The basis of the recipe and the process is in the post above. I did add some peppermint tea to it. No colorant and the fragrance was a pine scent. I really don't remember what brand or anything. I was given it by my mom.


----------



## Relle (Dec 3, 2019)

Welcome K.A.A. .

The KAA here is Oz was the Knifemakers Association of Australia that was formed by dh and myself.


----------



## K.A.A. (Dec 3, 2019)

Relle said:


> Welcome K.A.A. .
> 
> The KAA here is Oz was the Knifemakers Association of Australia that was formed by dh and myself.
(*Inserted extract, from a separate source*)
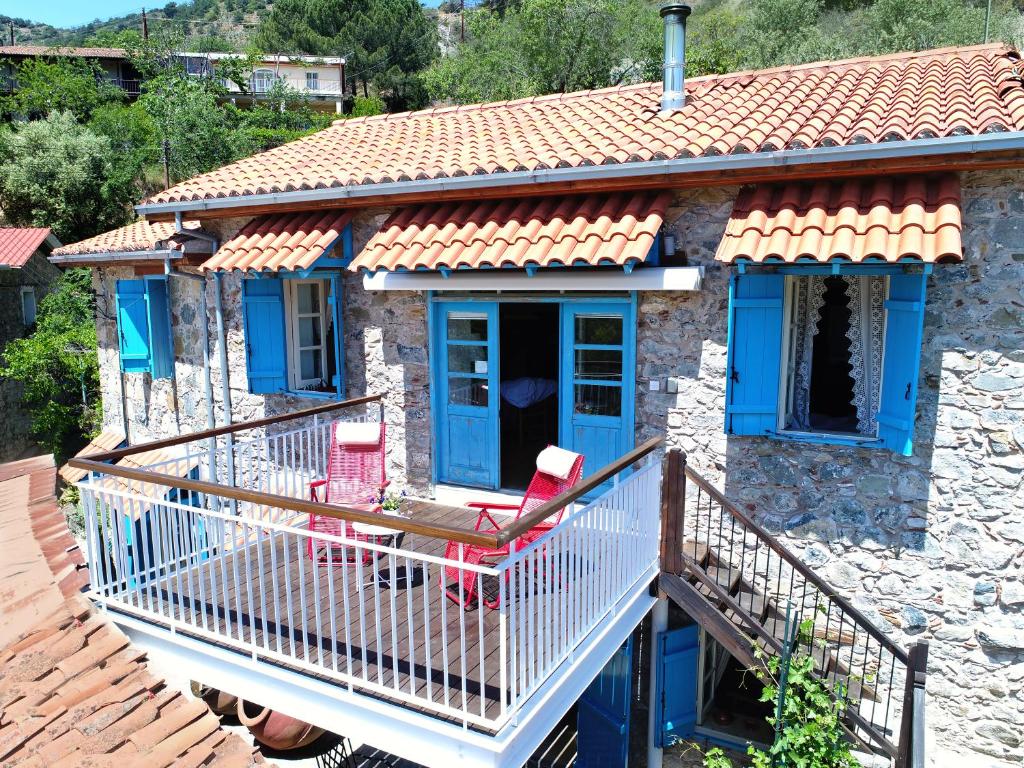 Kalopanayiotis Cottage في كالوبانايوتيس: منزل حجري بأبواب زرقاء وكراسي حمراء على شرفة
Thank you! That's really cool! My K.A.A. isn't anything awesome like that, just my initials .


----------



## Zany_in_CO (Dec 3, 2019)

K.A.A. said:


> ... the fragrance was a pine scent. I really don't remember what brand or anything. I was given it by my mom.


Ah-hah! I'm guessing that's what is making your soap smell fishy. Not all fragrance oils do well in soap, think Michaels, Hobby Lobby, JoAnns, Walmart, etc., so there may be some morphing going on. Hopefully it will neutralize over time. 
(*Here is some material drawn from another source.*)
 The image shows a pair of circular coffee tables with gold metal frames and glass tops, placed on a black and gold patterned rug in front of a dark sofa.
ETA: Peppermint Tea can add a soothing feel to your soap, but the fragrance doesn't survive the lye process. That's true of most teas... even if it is infused in one of the oils in the batch.


----------



## K.A.A. (Dec 3, 2019)

Zany_in_CO said:


> Ah-hah! I'm guessing that's what is making your soap smell fishy. Not all fragrance oils do well in soap, think Michaels, Hobby Lobby, JoAnns, Walmart, etc., so there may be some morphing going on. Hopefully it will neutralize over time.
> 
> ETA: Peppermint Tea can add a soothing feel to your soap, but the fragrance doesn't survive the lye process. That's true of most teas... even if it is infused in one of the oils in the batch.



Thank you!
I think she got it from Walmart but I'm really not confident on that at all. 
That strange part is that 
the bar smells nice until its wet then it gets the fish smell. Now that the bar is dry again it smells great. 

As far as the tea I knew the scent wouldn't stay . I really just added it for the feel and the speckles it adds to the soap.  The pine scent I used has a slight minty smells so I thought it would go together really nicely.


----------